Meaningful Use Stage 3 implementation is to begin this year, 2018. Complementing this implementation, the Medicare Access and CHIP Reauthorization Act, MACRA, was signed into law on April 16, 2015. MACRA removes eligible clinicians from EHR Incentive Programs that were previously established by the HITECH Act. MACRA also creates the Quality Payment Program that the CMS will use for Medicare and Medicaid reimbursement to primary care providers. This payment program rewards clinicians for value over volume. The amount of reimbursement the CMS pays out is dependent on performance markers deemed as quality patient care. Electronic HIE directly affects a clinicians ability to achieve these performance markers.

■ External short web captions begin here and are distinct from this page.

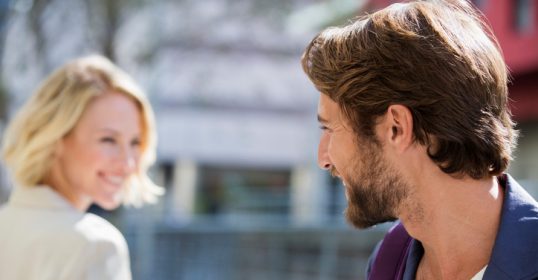 A man and a woman are looking at each other, she knows he likes her.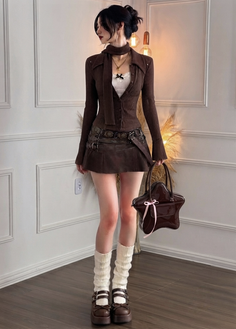 Woman in a brown cardigan and mini skirt with leg warmers and a star shaped bag
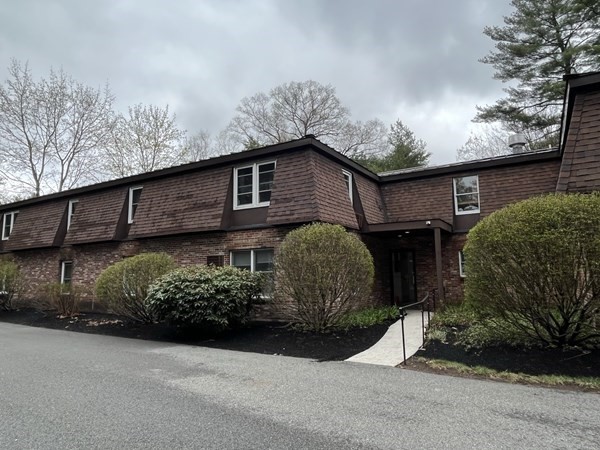 15 Lawrence Road, Unit 20 Rowley, MA 01969 - Photo 1 of 22 a front view of a house with garden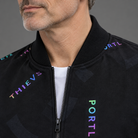 Men's printed bomber jacket, close-up of ribbed collar and print detail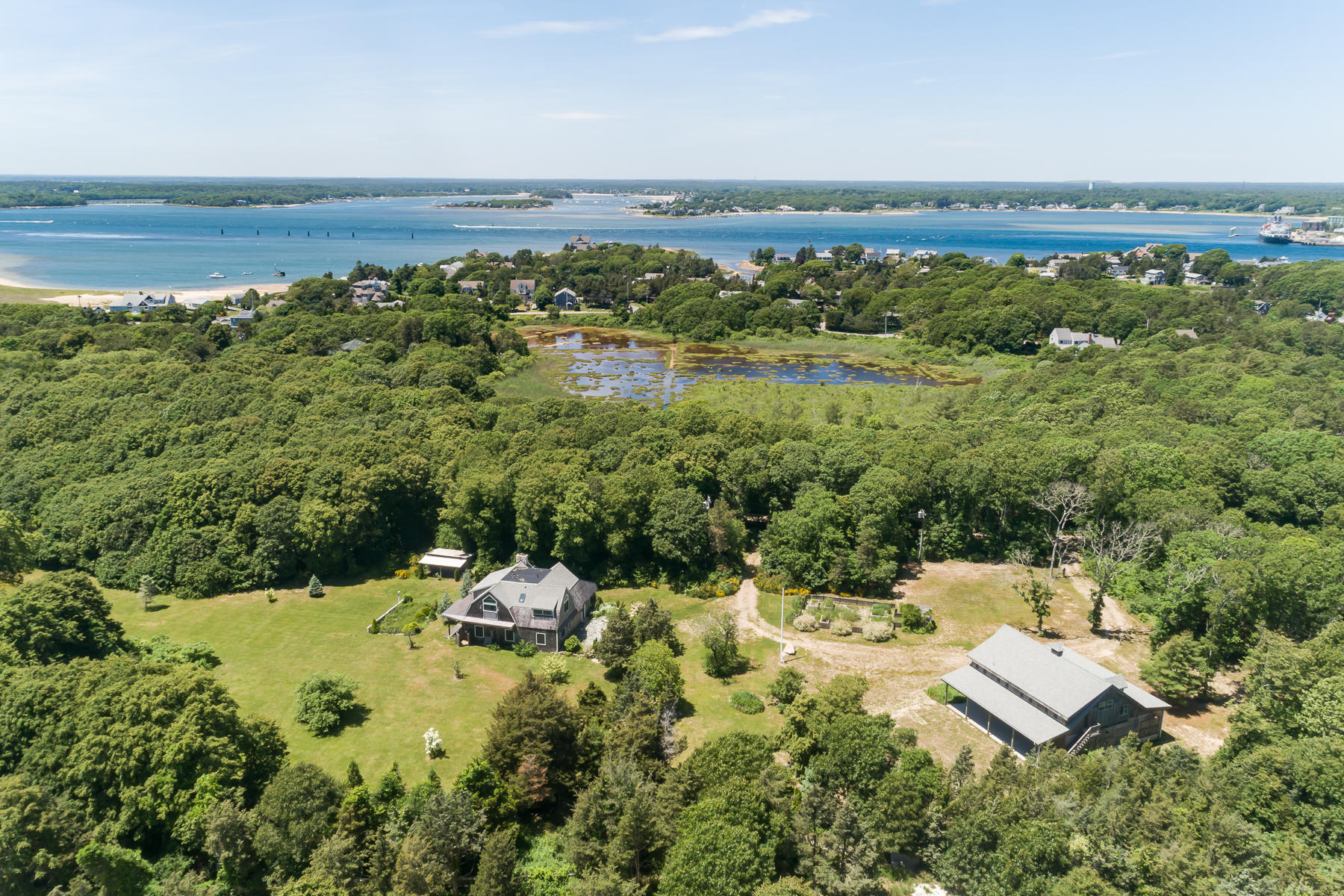 49-55 Rocky Point Road Bourne, MA 02532 - Photo 39 of 42 a view of a lake with a city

This research study assesses the progress that primary care practices have had in reaching full spectrum industry electronic health information exchange. It will answer the question; does primary care practices electronically connect with their local laboratories, hospitals and regional data collecting entities. Additionally, the barriers that prevent electronic health information exchanged and interoperability between primary care practices and other medical professionals outside their organization will be analyzed. This study focus is limited to primary care providers.